И вот вдруг случилось ужасное, непоправимое. После обеда в ресторане, где она сидела на коленях у Александра Сергеевича и он осторожно целовал ее в шею, тоска ожидания заменилась стыдом. Она предала Шатерникова, позволив чужому человеку целовать себя. Если бы он вдруг увидел ее, сидящую на коленях у незнакомого мужчины, он, может быть, даже убил бы ее. Ну, пусть не убил, но ударил бы точно. И было бы только заслуженно. С обеда прошло несколько дней. Она не видела Александра Сергеевича, он не звонил и никак не давал о себе знать. Она ждала его звонка не меньше, чем писем Шатерникова из госпиталя. О нет, даже больше. Хотя бы для того, чтобы сказать ему всё, что не сумела сказать тогда, когда шампанское ударило в голову и она растерялась. Сказать, что любит другого. Поэтому не нужно сажать ее на колени и кормить цыплятами. Ничего не нужно, всё это ужасно. И главное – стыдно.

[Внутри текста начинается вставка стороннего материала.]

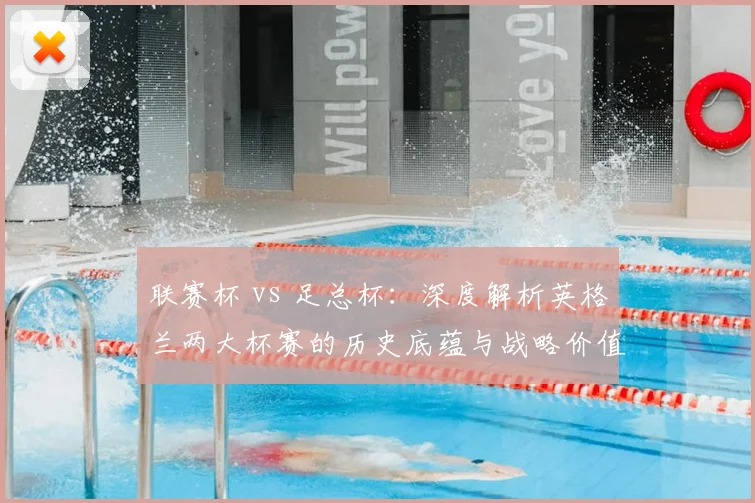 联赛杯 vs 足总杯:深度解析英格兰两大杯赛的历史底蕴与战略价值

В четверг пришла телеграмма от Шатерникова.
Утром, в пятницу, привезли новую партию раненых, и Таня, задержавшись на перевязке, сообразила, что опаздывает к поезду.
– Вас там спрашивают, Татьяна Антоновна, – сказала новенькая, только что поступившая медсестра в открытую дверь операционной.
– Идите, идите! – махнул рукой доктор, которому Таня помогала с последним раненым. – Осталась совсем ерунда, вы идите.
Шатерников стоял в вестибюле, опираясь на палку. Он еще не заметил ее. Она не ожидала, что он такого маленького роста, Александр Сергеевич был выше его на целую голову. Внутри сжалось с такой силой, что Таня остановилась на ступеньке и продолжала смотреть на своего жениха, не двигаясь, заслоненная санитарами, которые перетаскивали по лестнице носилки с больными. Кроме маленького роста, он был откровенно похож на самого себя в роли Толстого, и не столько даже чертами лица, а тем особенно упрямым и одновременно взволнованным выражением, которое, как говорили, лучше всего удалось ему в этой фильме и было результатом долгих репетиций Шатерникова перед зеркалом.
Санитары с носилками посторонились, пропуская Таню, прижались к перилам, и тут он наконец-то увидел ее. Таня одолела последние ступеньки и остановилась. Палка его упала на пол, Шатерников подбежал и обнял ее так, как будто вокруг никого не было. Она замерла с опущенными плечами, и, пока он торопливо целовал ее в голову – одной рукой прижимая ее затылок, другой с силой надавливая на ее левую лопатку, – не сделала ни одного движения. Тело как будто окаменело и не испытывало ничего, кроме неловкости от этих сильных, дрожащих от напряжения рук, которые словно ощупывали ее.
– Ну, вот! Я же знал! – сказал Шатерников и, оторвавшись, посмотрел ей прямо в глаза своими ярко посветлевшими глазами. – Я знал, что увижу тебя! Я верил всё время!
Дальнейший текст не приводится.